HELEN: Yes, I think so. There’s a little voice in my head going, “It doesn’t mean that other people’s behaviour isn’t unacceptable sometimes.” People don’t get a free pass just because I’m taking responsibility for my responses. Some people’s behaviour is unacceptable and some of my responses, like I mentioned a little while ago, are not my choice. If there’s trauma there, my choice is not available to me sometimes. So I want to just say that otherwise you fall into victim blaming a little bit.
LUCY: That’s very true.
HELEN: I don’t want to do that, for anybody listening go, “Hey, I didn’t really have a choice in that situation.” We often don’t have choices, but we can make more space and more time to know ourselves, to know our reactions, to understand our motivations and our intentions, and to come from the best place we can. I think when we start to do that, we also grow better boundaries and we learn to bring all of ourselves into a really grown-up space. We grow all the way up, if you like, and we bring all those “lost child” selves into full adulthood, and then we can stand up properly for ourselves. When we can stand properly for ourselves, we can also be good allies for others. Until we’re able to stand up properly in our own skin, in our own place and for ourselves, it’s very hard to advocate for others.
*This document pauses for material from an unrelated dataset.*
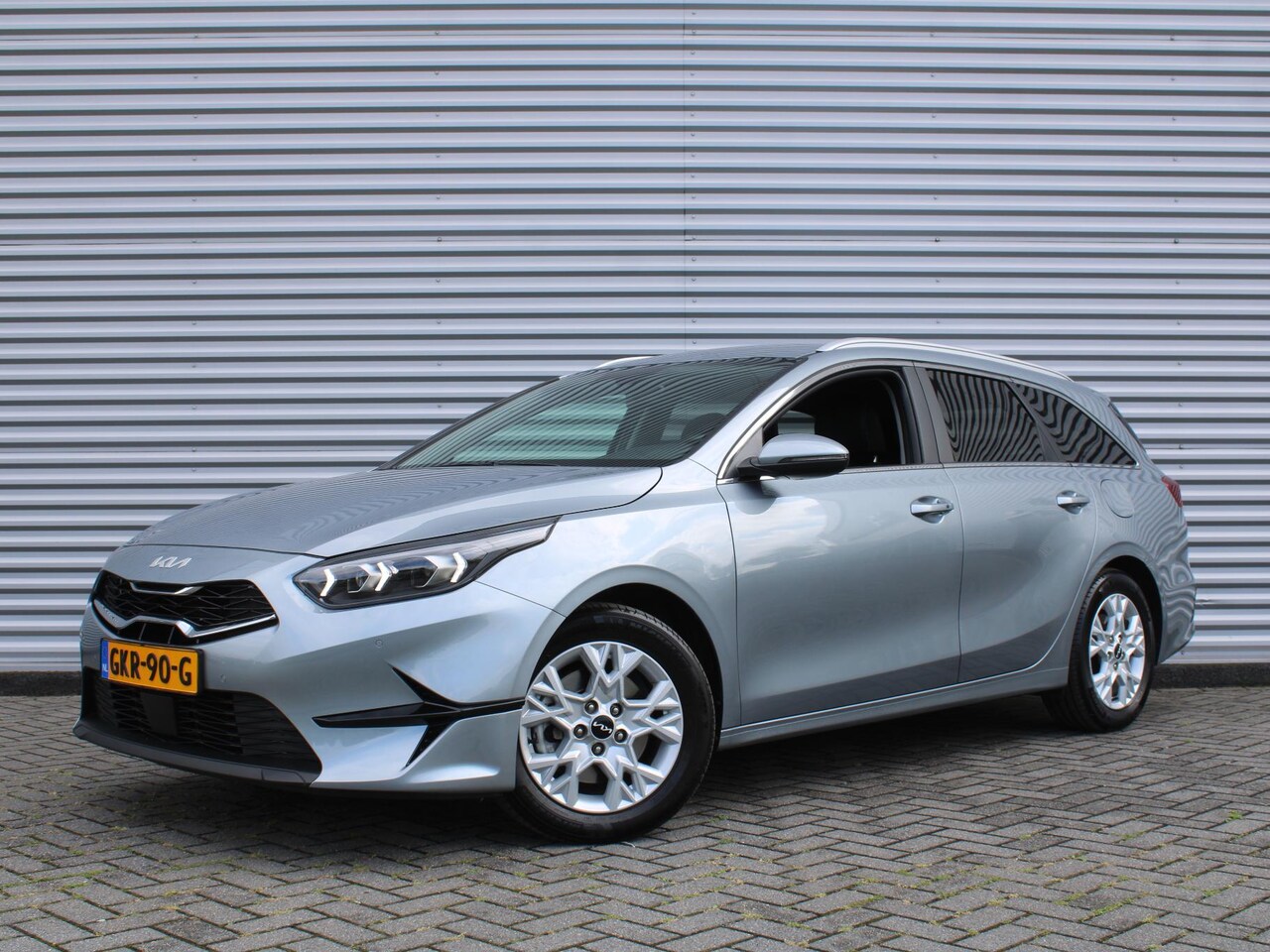 Kia Cee'd Sportswagon - Ceed 1.0 T-GDi DynamicPlusLine | Stoel- & stuurverwarming | Camera | LED | Navi | Elek. ac - AutoWereld.nl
LUCY: This feels very important, just around that victim blaming thing, because that’s absolutely true. That’s a very toxic thought, that “everything begins and ends with me” because that’s not really true in that there are people overstepping boundaries and being very toxic. They have problems that do impend on me. But I guess the first step is to look in perhaps. It’s about this process of firstly going, “What is going on for me? What is the truth of my feelings about this?” Then that kind of enables you to say, “No, that is 100% absolutely not okay,” and then address that and be really clear on your boundaries and really coming from a place of truth rather than coming from a place of being triggered or something. Am I getting it?
HELEN: I think so. Yeah, it makes sense to me.
LUCY: I love that thought that when you do that processing, that kind of turning inward and asking “What is going on here?” and then you do get really clear around your boundaries and consent, then you are advocating for your inner child and the parts of you who are long time ago and experience a total lack of concern and a total overstepping of boundaries. As a 37-year-old, I had quite a strong experience of this a couple of months ago where I stood up and walked out of something, and I spent the first couple of hours really embarrassed and shocked at my behaviour. And then I totally reclaimed the incident because I recognised that I had a very similar incident when I was 13, and I was just made ashamed of how I stood up and walked out, and I felt as a 37-year-old woman, I’ve just stood up from my 13-year-old self and brought some healing to that moment a long, long time ago. By doing that act—and it was so beautiful because I really reclaimed that whole thing and retold that story and changed the narrative for myself. It was a very beautiful moment.
HELEN: I congratulate you. It does sound like healing. I think shame is something that we do live with a long time, I want to say particularly as women. I think women are shamed in every aspect of their lives, and we carry it around perhaps forever. It’s quite a difficult thing to shake off in my experience, and it’s very deeply rooted. One to watch out for.
LUCY: It is, isn’t it? Actually, that deep listening and that listening to each other and creating space for people to talk and to share their shame stories is so powerful. I know you’re in a women circle and that’s really dear to your heart. Same for me, too. My third book is called Moon Circle and it’s all about how people can start a circle and the power of them. For me, I really recognise that one of the most powerful things of a circle is that it’s a chance for you to safely share your shame stories because shame can’t exist when it’s brought to light. The act of telling your story is like you’re exposing it to the sun that eradicates the darkness of it and in telling those stories, that is one of the most crucial ways we can get rid of the shame that we’re carrying.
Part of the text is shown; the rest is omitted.